Short web captions:

+ + + + +

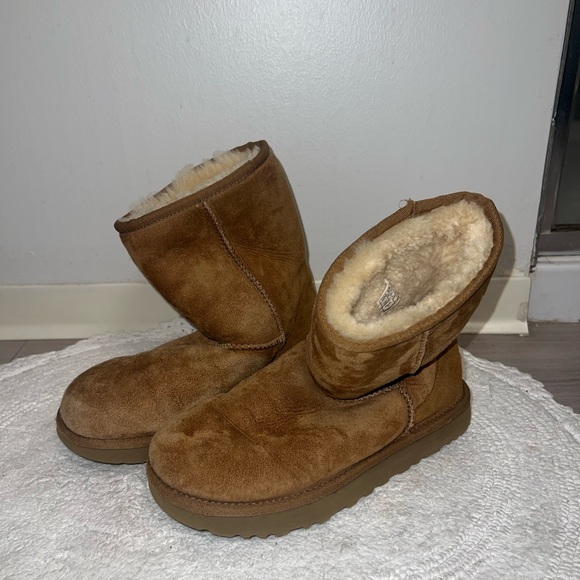 SOLD - Picture 2 of 4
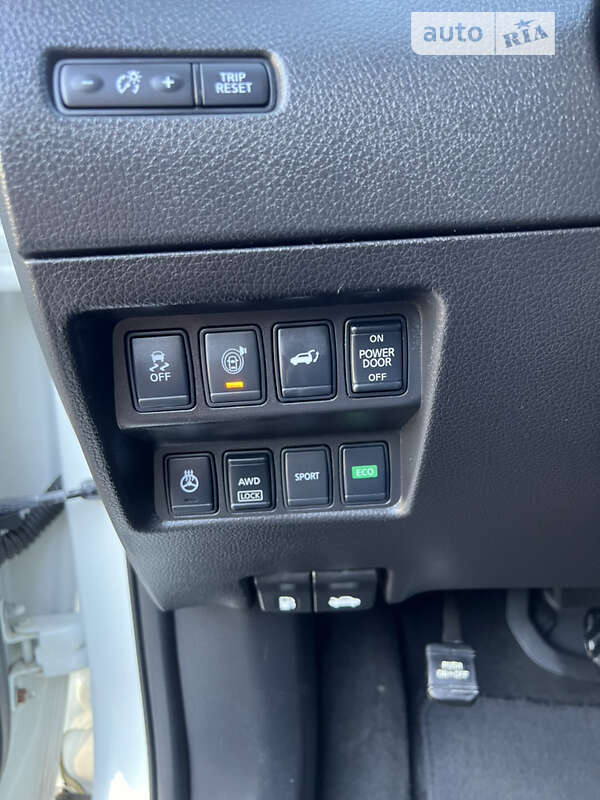 Позашляховик / Кросовер Nissan Rogue 2017 в Житомирі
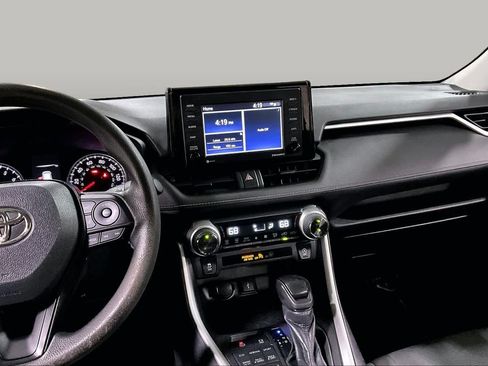Used 2021 Toyota RAV4 XLE AWD/4WD image 7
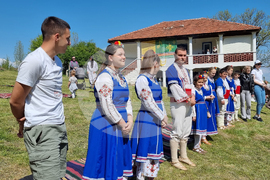Перник - „Гласове и мелодии от Пернишко” - конкурс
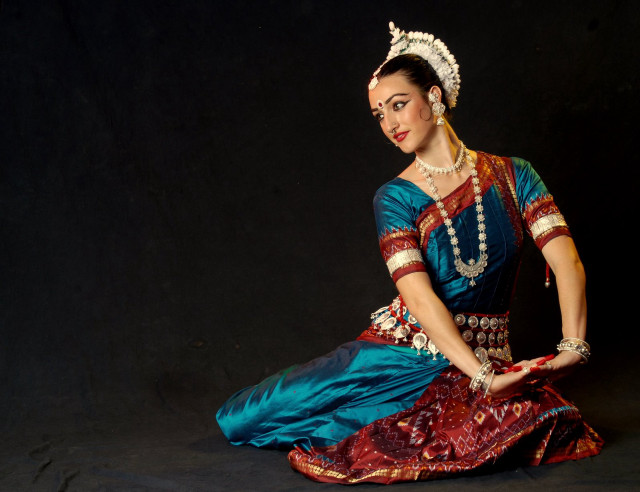 Woman blue red dress tiara free wallpaper - medium preview image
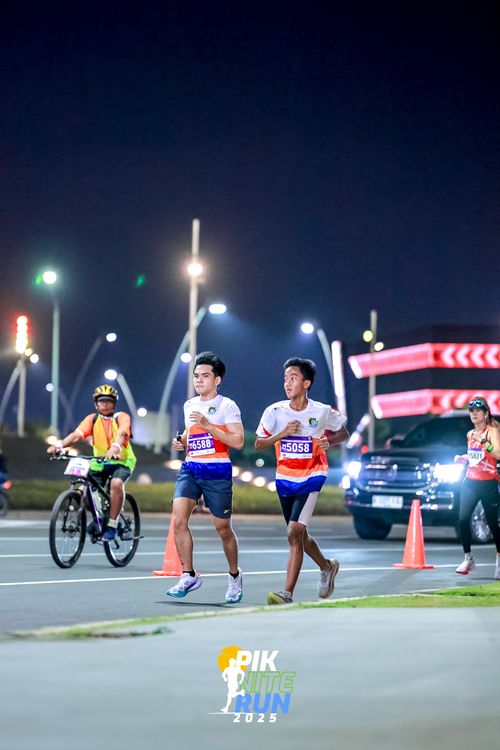 Race photo from PIK NITE RUN 2025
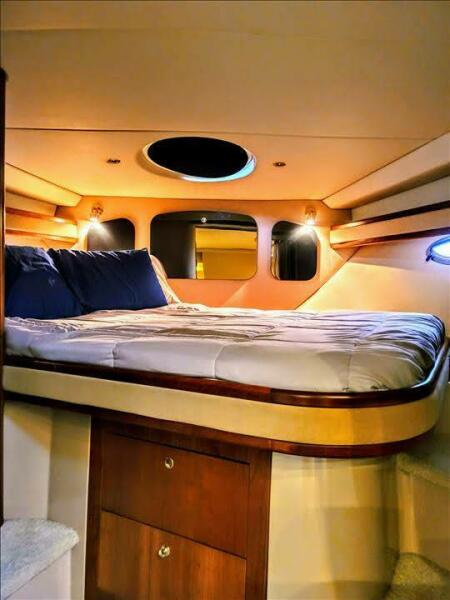 36' 2000 Cruisers Yachts 3672 Express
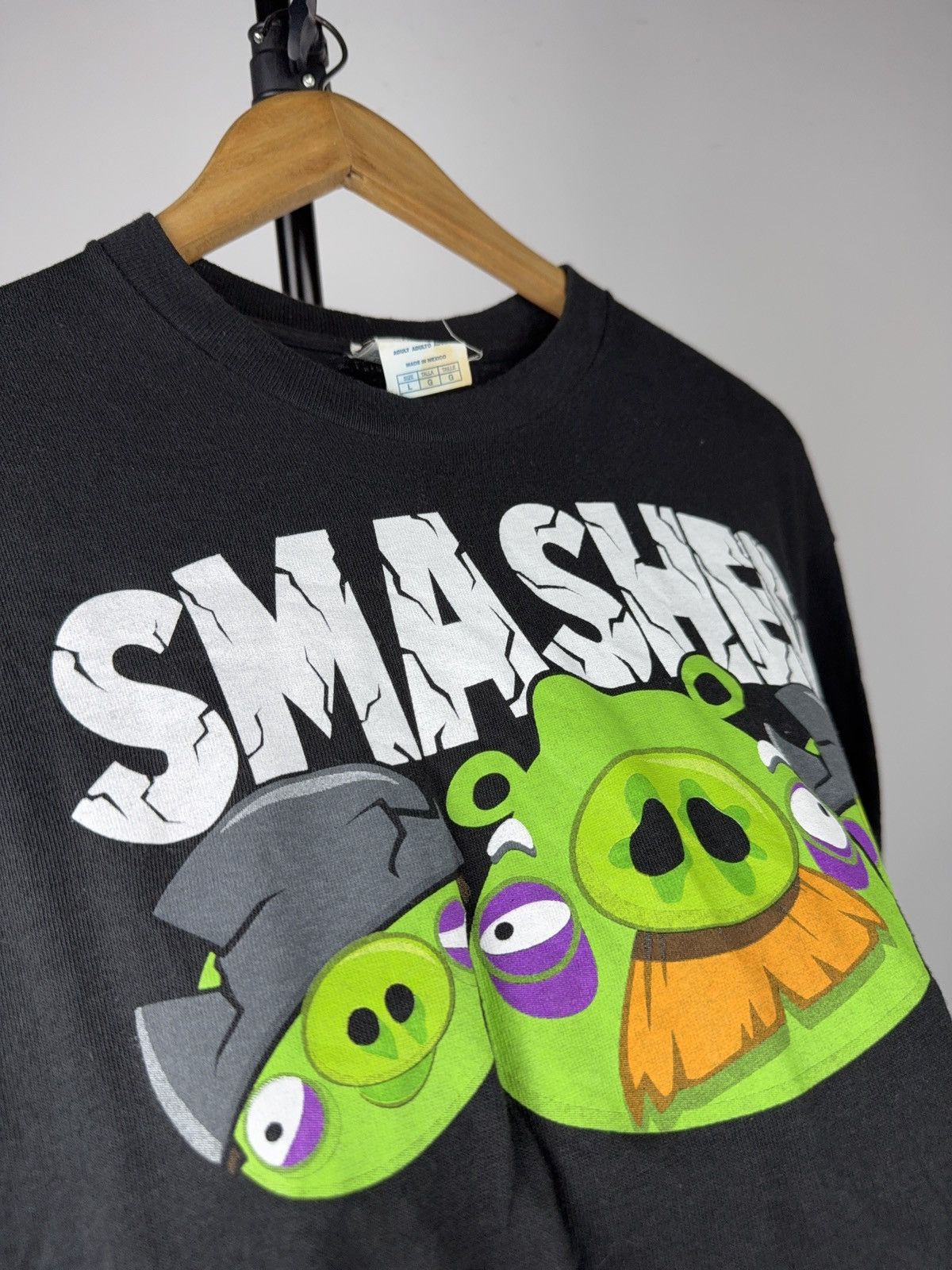 Vintage 00s Angry Birds Game “Smashed” Pigs Graphic Tee Black L Size US L / EU 52-54 / 3 - 6 Thumbnail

+ + + + +

Reproduce only the lines from the line with "Перник - „Гласове" to the end of the entries. Keep both ends, copy them exactly, and omit every picture.

Перник - „Гласове и мелодии от Пернишко” - конкурс
 Woman blue red dress tiara free wallpaper - medium preview image
 Race photo from PIK NITE RUN 2025
 36' 2000 Cruisers Yachts 3672 Express
 Vintage 00s Angry Birds Game “Smashed” Pigs Graphic Tee Black L Size US L / EU 52-54 / 3 - 6 Thumbnail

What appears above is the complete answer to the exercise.